Father-Son’s 500/40 Backpack Trek
Father-Son’s 500/40 Backpack Trek
Once upon a time, there was a boy living in East Asia who had many dreams about what he wanted to be when he grew up. As he grew older, it became obvious which path he should choose.
He found fascination with the look and sound of the violin. Without hesitation, he signed up for the class and began learning how to play the violin. He really liked playing it so he practiced a lot. He wanted to be a great violinist. Yet, he had to let go this dream because his dad disapproved, assuring him that playing the violin wouldn’t make a living. |
After some thought, he decided instead to become an army general. When he finished high school, he applied to the Military Academy and passed all the necessary exams. During the final interview he was to face grilling questions about his father’s multiple times’ divorces shown on the genealogical record. He never felt such an utter powerlessness against the given fate. He had to let go of his second dream sensing unfriendliness in his unfolding future.
After more thought, he chose the path to become an architect. He entered college to study architecture. He began a career as a draftsman and worked diligently. His boss liked his passionate work and helped him gain entrance into graduate school in the U.S. After years of more learning and experience in the U.S. he yet again had to let go of this third dream since his primary concern at the time was the well-being of his wife and two children.
After more thought, he chose a new path to become a pastor.
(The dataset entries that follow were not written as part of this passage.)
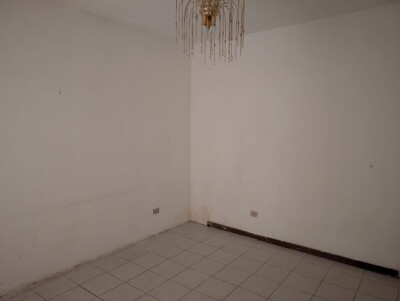 INDUNO OLONA, TRILOCALE IN CORTE CON BOX
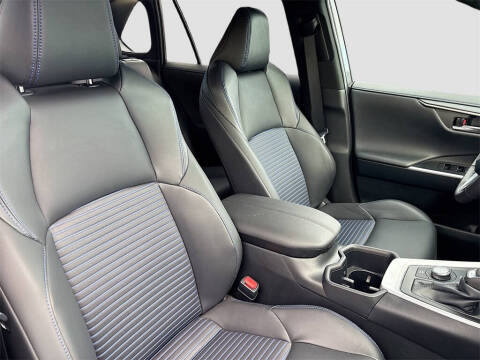 2025 Toyota RAV4 Hybrid XSE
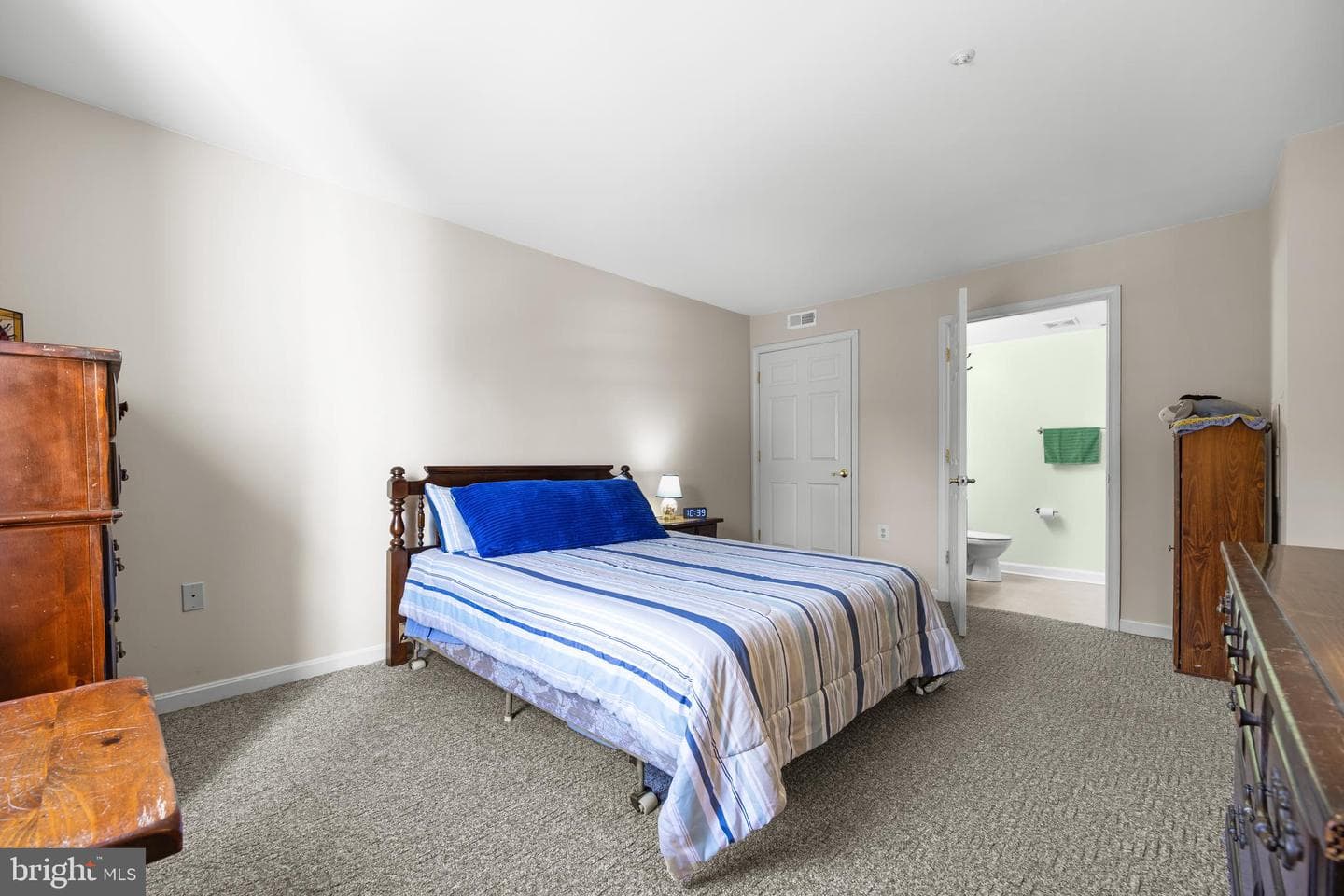 3840 Normandy Drive #2a photo 22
His friend introduced him to a seminary where his family could live close to the campus while he studied. He really enjoyed studying religions and theologies. He was happy serving people’s spiritual hunger. He got his divinity degree and completed the ordination process. He became a passionate preacher and social activist. Yet, he felt breathless experiencing that his pastorate was played within the confines to the domineering politics and survival of the fittest within the institutional church. His gut was telling him to move on because the world needs no more such pastors.
Again, after much thought, he changed courses once again and decided to become a professor. He took many courses and studied hard. He passed the exit exams and defended his doctorate thesis. As soon as his dissertation was complete he spent hours and hours looking for a teaching job. In the end, he had to let go of his fifth dream because he did not want to waste his time and energy searching for available jobs.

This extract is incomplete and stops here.